Then I realized that you had mistaken me with Bobby S. (my band members got a laugh when they noticed you explained beginners advice to me, no affence Olivier :) ) I was giving some advice to BOBBY's slapping problem. Anyway, thanks for your advice on my 5-string problem. I must say that I have noticed too that Fender Jazz 4-string is a great slap bass.
: Hi fusion man,
: I read both of your questions and I can relate to them cause I've been through the whole thing before.
: Fisrt of all, the book you bought is one of the best slapping method I've ever seen.

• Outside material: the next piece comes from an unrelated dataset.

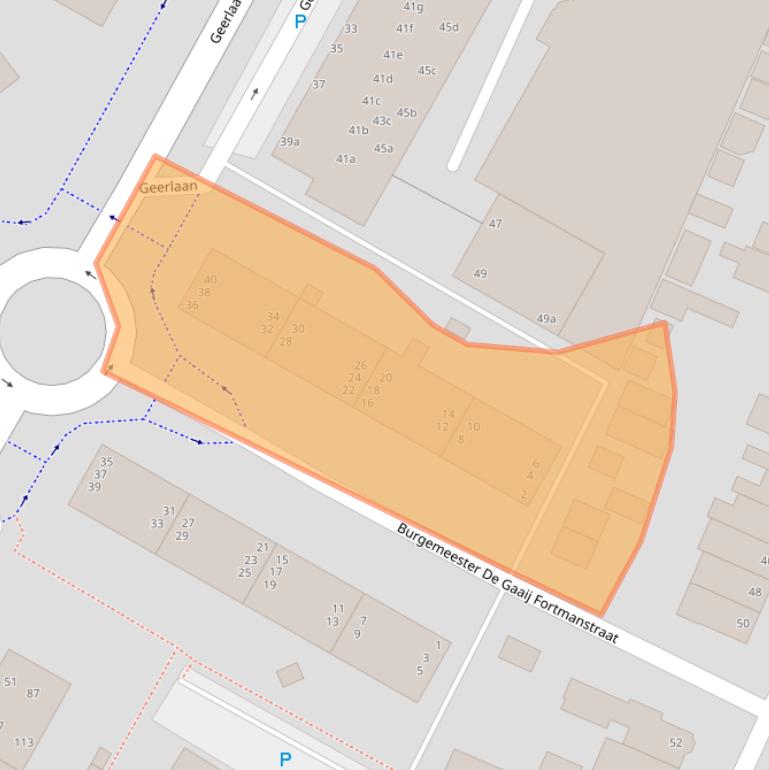 Kaart van postcodegebied 2985AG.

: Second, Fender Jazz 4 strings are fabulous slapping instruments. I love the on I have. The thin neck makes it an intrument that is easier to control when slapping.
: Regarding the sore thumb, take it easy, you will get used to it...

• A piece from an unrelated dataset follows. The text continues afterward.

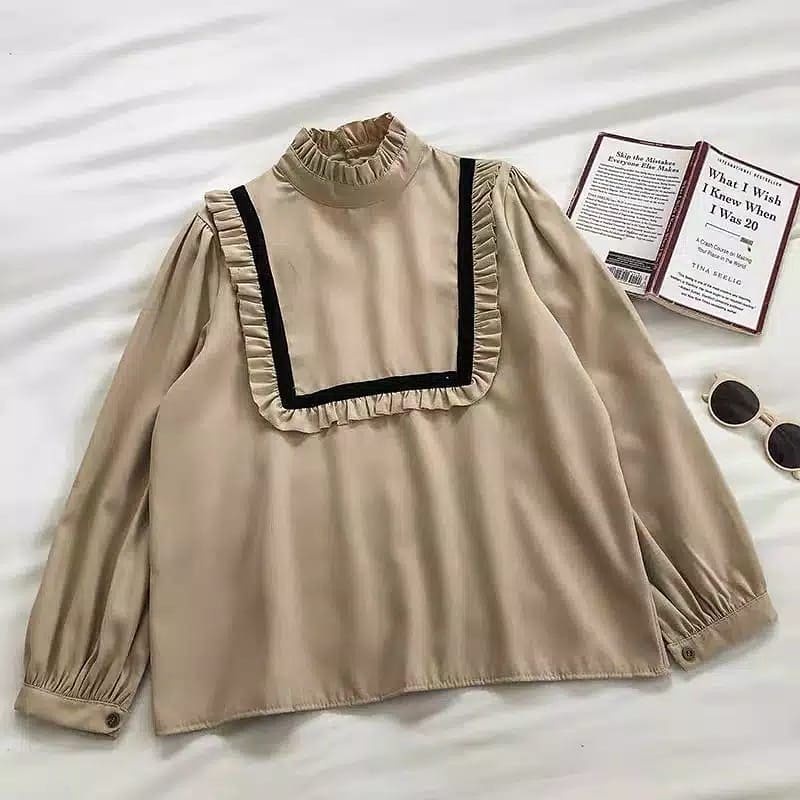 RESTI TOP HS Bahan CREAMY CREPE BAJU BLOUSE POLOS TEBRARU SIMPLE DAN ELEGAN BAJU  BLOUSE FASHION TEBRARU 2022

: Now for the A string problem, you'll get get it the same way you get to Carnegie Hall: Practice man, Practice... But seriously, you can also try taking the E string off your bass to concentrate on the bounce you should be expecting from the A string. Once you get the feeling right, put the E string back on an practice shifting from E to A. Always keep in mind the type of bounce you are looking for. You can actually do the same for every string.
: About shifting from E to A, try Herbie Hancock's Chameleon or Kameleon (or however it's spelled) (you might find English mistakes for I'm French-Canadian)That song has a strong slow repetitive groove that is perfect for begining slappers.
: Finally, about the 5-string, I usually slap a lot less on my 5 than my 4. 5-string basses are harder to slap on because of the width of the neck and the extra string. It is a challenge for the hands and I have a hard time getting as a cool a punchy tone as with a 4-string. You will notice the attack is not as bright on a 5. Plus if shifting E to A on a 4-string is a challenge, imagine shifting from B to E. As a matter of fact, on most 5-strings I've had or tried the B string was way too loose to get a good slap attack.I usually keep my 5-string for fat grooves.
: I hope these advices will help you out and good luck.
: Olivier Laroche
: p.s. Don't do like most new slappers, use this technique with taste, mix it with fingerstyle grooves. Lock'em well with the drummer. You don't want to sound like a pop-corn machine plugged into a 300 watts amp, do you ?
: About the sore thumb, take it easy, you will get used to the technique.